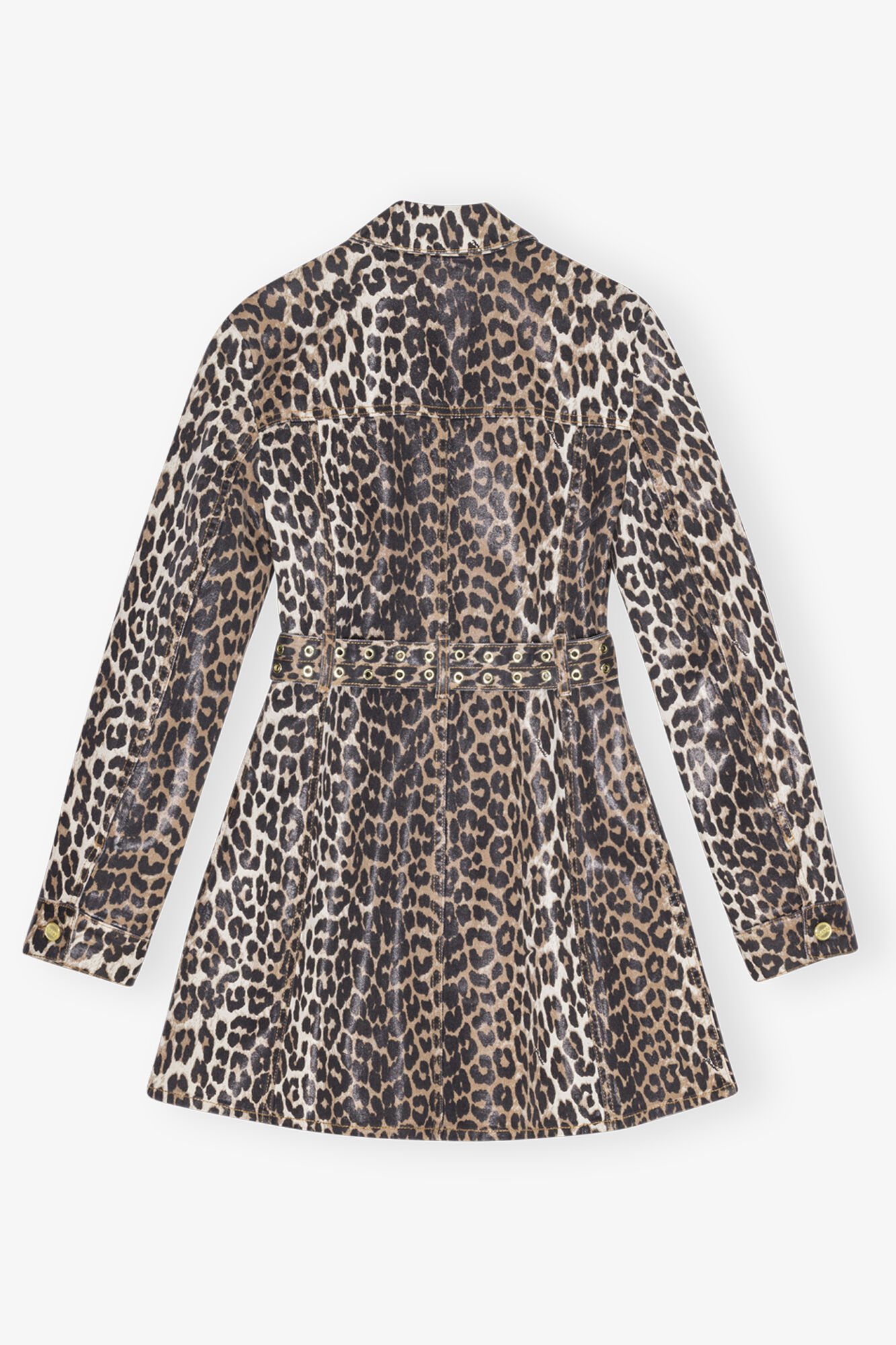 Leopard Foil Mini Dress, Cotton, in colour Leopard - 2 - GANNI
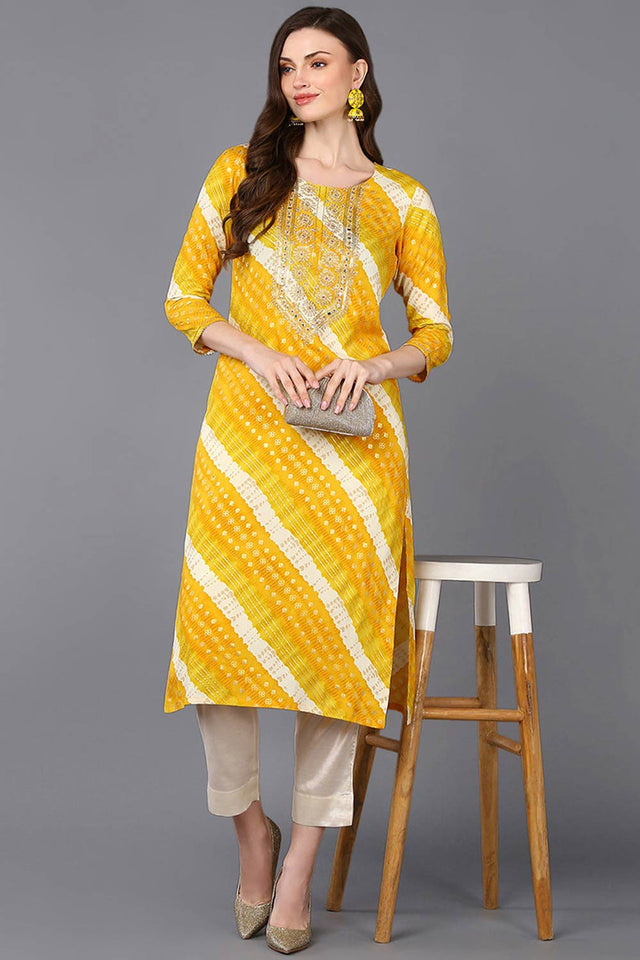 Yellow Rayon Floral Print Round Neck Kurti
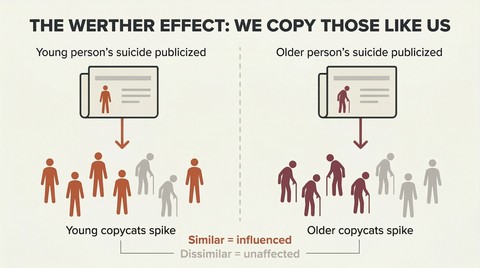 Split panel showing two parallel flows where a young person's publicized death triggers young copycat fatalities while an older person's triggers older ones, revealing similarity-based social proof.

● **PROBLEM DETAILS**
Return each line from the material above exactly, but not the pictures.

● **SOLUTION TO THIS EXERCISE**
 Leopard Foil Mini Dress, Cotton, in colour Leopard - 2 - GANNI
 Yellow Rayon Floral Print Round Neck Kurti
 Split panel showing two parallel flows where a young person's publicized death triggers young copycat fatalities while an older person's triggers older ones, revealing similarity-based social proof.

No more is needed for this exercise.